Teologi Kidung Jemaat

Dalam menafsir Alkitab, eksegese adalah hal yang sangat penting. Jika anda ingin menafsir ayat tertentu, maka anda harus menggali konteks dari ayat tersebut. Anda harus memeriksa bahasanya, budaya, latar belakang munculnya ayat tersebut, dan sebagainya. Hal-hal ini yang penting dilakukan agar kita bisa tahu ayat tersebut menceritakan tentang apa. Jika hal-hal tersebut diabaikan, maka eisegese-lah yang terjadi, atau tafsiran anda keluar dari konteks ayat tersebut.

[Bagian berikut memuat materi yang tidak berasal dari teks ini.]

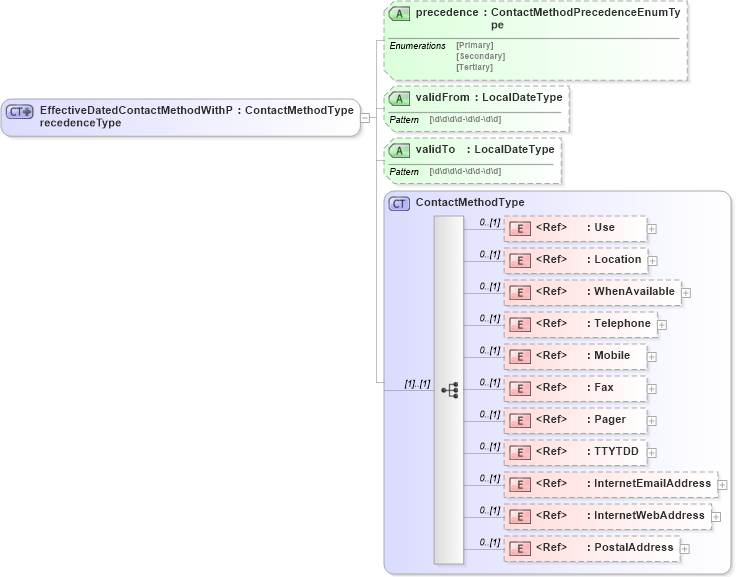 XSD Diagram of EffectiveDatedContactMethodWithPrecedenceType in schema indicativereusabletypes_xsd (HR-XML - Human Resources XML)
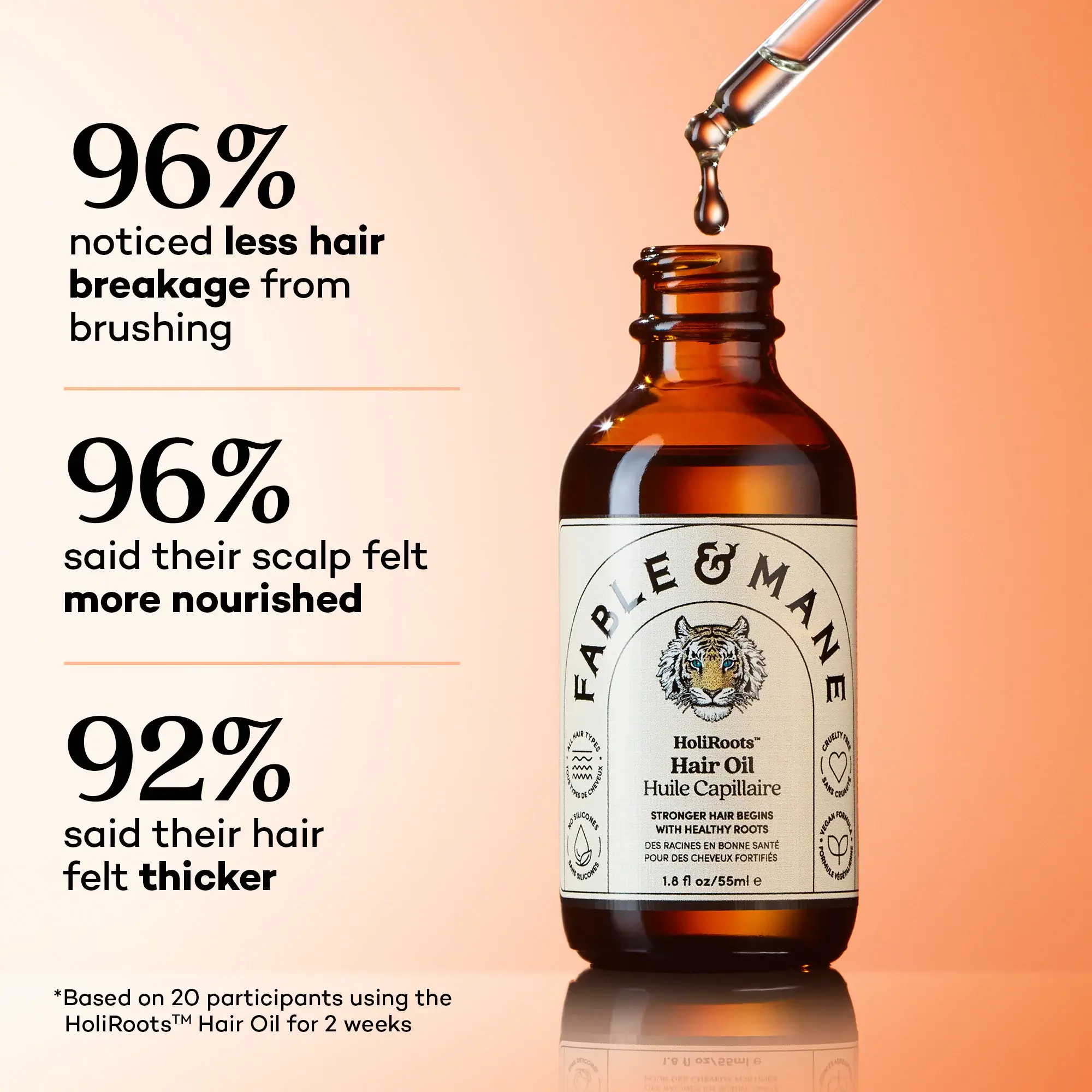  Mini Healthy Hair Oiling Ritual Set - image 5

Demikian juga halnya dengan Menyanyikan Kidung Jemaat (KJ) untuk lagu jemaat. Harus dieksegesis terlebih dahulu lagu KJ yang ingin dinyanyikan. Eksegese KJ disini terkait apa biramanya, bagaimana bunyi nada, tanda lagu dan lain sebagainya agar dapat menyanyikan lagu KJ tersebut dengan benar. Kalau kita tidak memperhatikan hal-hal tersebut, maka eisegeselah yang terjadi atau anda akan memainkan lagu tersebut diluar konteks aslinya, pada hal lagu tersebut untuk dinyanyian jemaat. Kalau untuk nyanyian jemaat, ukurannya adalah perintah musik yang tertulis di lagu KJ yang kita pilih (baik, birama, tempo, not, tanda lagu, nada dasar, dll). Kecuali lagu tersebut ingin dinyanyikan secara solo, duet, trio, grup maupun choir, dan lain sebagaianya yang bukan nyanyian jemaat, silahkan anda aransemen dan dinyanyikan sesuai selera masing-masing.

Pertanyaan menariknya adalah apakah boleh lagu KJ yang akan dinyanyikan oleh  jemaat dieksplor dengan berbagai aransemen? Jawabannya silakan saja! Namun sebelum dieksplor lebih jauh, pastikan anda sudah memahami konteks lagu tersebut sehingga aransemen anda tidak merubah cara menyanyikan lagu tersebut. Misalnya KJ no. 40 Ajaib Benar Anugerah. Lagu ini aslinya 3 ketuk, tapi pemusik ingin memberikan nuansa blues, sehingga diubah menjadi 4 ketuk misalnya, maka tentu saja aransemen seperti ini tidak dapat diterapkan dalam nyanyian jemaat, karena jemaat harus menyanyikannya dalam 3 ketuk sesuai perintah lagu (dalam buku KJ). Alternatif yang lebih baik adalah tetap dalam ketukan dan tempo asli lagu, kemudian pemusik tinggal menerapkan chord  7, 6 dan 13 misalnya, untuk memberikan nuansa blues pada lagu 'Ajaib Benar Anugerah'. Demikian juga dengan lagu-lagu KJ lainnya, anda perlu mengeksegesisnya terlebih dahulu sebelum dieksposisi (diaransemen) lebih jauh. Tentu saja hal ini sebaiknya dilakukan oleh pemusik yang memiliki basic pengetahuan tentang musik gereja yang benar, serta kemampuan bermusik yang cukup baik.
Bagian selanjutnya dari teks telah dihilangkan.